Change in Daylight saving – please
It’s five a.m., 19th of October 2007, less than two weeks out from the change to daylight saving . The sun will soon shine through my bedroom window. It’s like the scene in Indiana Jones when he is waiting for the sun to line up with the jewel on the end of the staff and show the way to the Ark – with a couple of notable differences. There is no Ark, just the Arr, Arr, Arr of a wretched crow cawing from a tree outside my room and there are no snakes hissing around me, just the rise and fall of my four kids snoring – for just a little longer – from their rooms. But, like Indiana, I am tense and on edge, not because the Third Reich is about to smash through the walls, but because I am busting for a leak. Yet the pain of holding it in is better than the risk of getting up and setting off an unstoppable chain reaction of awakening throughout the house.
My wife, Deb, was up at three with the baby and is now in a deep sleep. My husband ears worked well all night, shutting out all noises of the baby crying so I should let Deb sleep a little longer. I try to single out the snores – it’s a kind of radar check I do. My eldest son, Max, suffered terribly from sleep apnoea and we needed to get his adenoids out. Now he is six and is breathing just fine. My daughter, Jordan, has borderline apnoea – just the occasional holding of breath but not the long drawn out periods of silence we had with Max. We should probably get it treated but I like the fact that she sleeps in a little longer than the others. I can’t hear Dylan, our two year old, which is slightly alarming. He might be awake already. Dylan is the first to rise lately – yes first, meaning before me. I have thought about putting black plastic on his windows but he’d probably sense the change in temperature from the sun on the horizon and wake up anyway.
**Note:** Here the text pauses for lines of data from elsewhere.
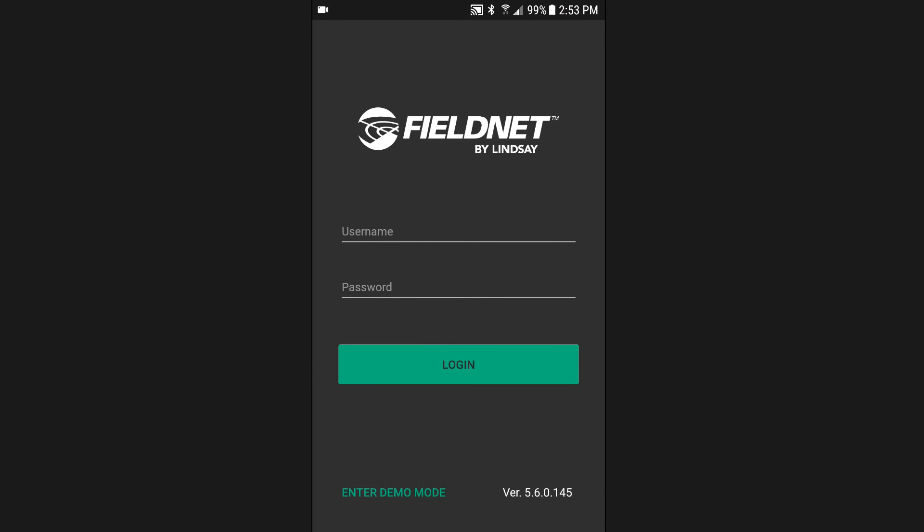If you are an existing FieldNET user, your current username and password will work to sign into the new mobile app.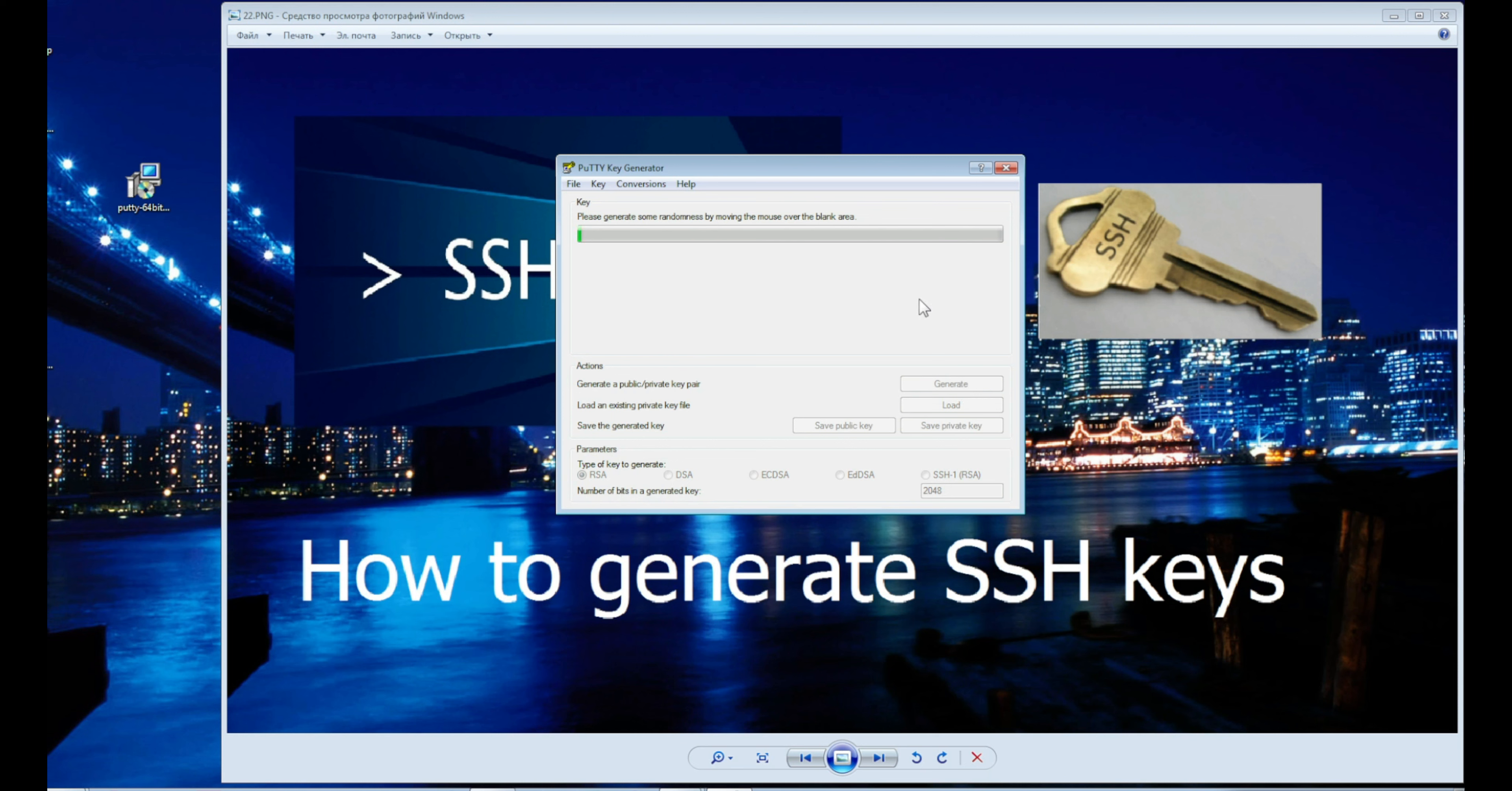Click Generate and randomly drive across an empty field, so we create a unique cipher.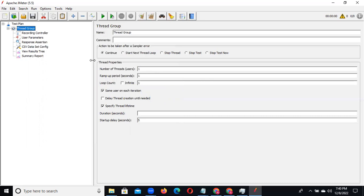Regarding the test plan vs thread group question: test plan is the overall planning container - like planning a trip, everything you plan goes into the test plan. Under it, thread group contains number of users, duration, and ramp-up settings. Recording controller and view results are all children of the test plan. Thank you for joining everyone, we will meet tomorrow at the same time.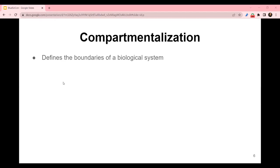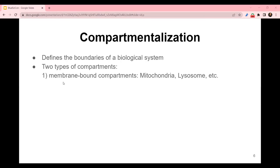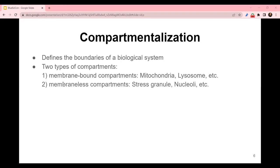Compartmentalization defines the boundaries of the biological system by separating its internal volume from the external environment, which is essential for cellular activity. There are two types of compartments. The first are those separated by membranes — membrane-bound compartments — such as mitochondria, which generates ATP by utilizing the energy released during oxidation of food, or lysosomes, which function as the digestive systems of the cell. The other type is membrane-less compartments — for example, stress granules, which can take on different forms depending on the types of stress conditions, and nucleoli, which produce ribosomes inside the nucleus. Many non-membrane-bound compartments likely have the properties of liquid droplets — they are able to fuse and they exchange components rapidly with the cytoplasm.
The diuretic properties of tea weigh down heavily upon me and I regret the late cuppa I had last night. I need to get up. I switch to stealth mode and unfold the doona gently and roll off the mattress (I can also do this trick at night in reverse after getting home late.) The sheepskin slippers are a little hot for the middle of spring but their softness gives me added silence. I glide towards the bathroom. There are some creaks in certain parts of the floor but I mastered those years ago. All I need to do now is get past Dylan’s door. I choose the brisk walk option, in case he is up and sees me from his bed. Too late. He is already standing at the baby gate waiting for me. “Dadda,” he shouts with joy. I ignore him and continue my brisk walk past his door – yes, perhaps he will tuck himself back into bed and fall asleep by the time I’m done. Respectfully I aim for the ceramic and in that moment of silence I hear the click of the baby gate and then see the quick flash of two boys run up to the door, momentarily pause like Meerkats, look at each other, then dash off, gathering their noisiest toys along the way. Indignantly I aim for the water – all chances of sleeping were heading that way anyway.
As I go through the motions of changing nappies, getting breakfast ready for the kids (and justifying to my wife why I could not simply aim at the side or just sit down and do it) I think about the plans released recently by the government to move daylight saving forward a few weeks, starting from next year. This would mean that the sun rises at six, rather than five, all through October. The idea is good but leaves me with just one question: Oh please, please, please, please, please can we change it now, like this year? One more week like this might kill me.
In Sydney we are on eastern standard time. At the end of October the clocks go forward an hour. We get more light at the end of the day whereas in the morning the sun is rising closer to six rather than five in the morning. In 2008 the Australian government proposes to bring the clocks forward earlier, like near the start of October rather than the end. I’m all for it and you’ll see why when you read this article I wrote at the time.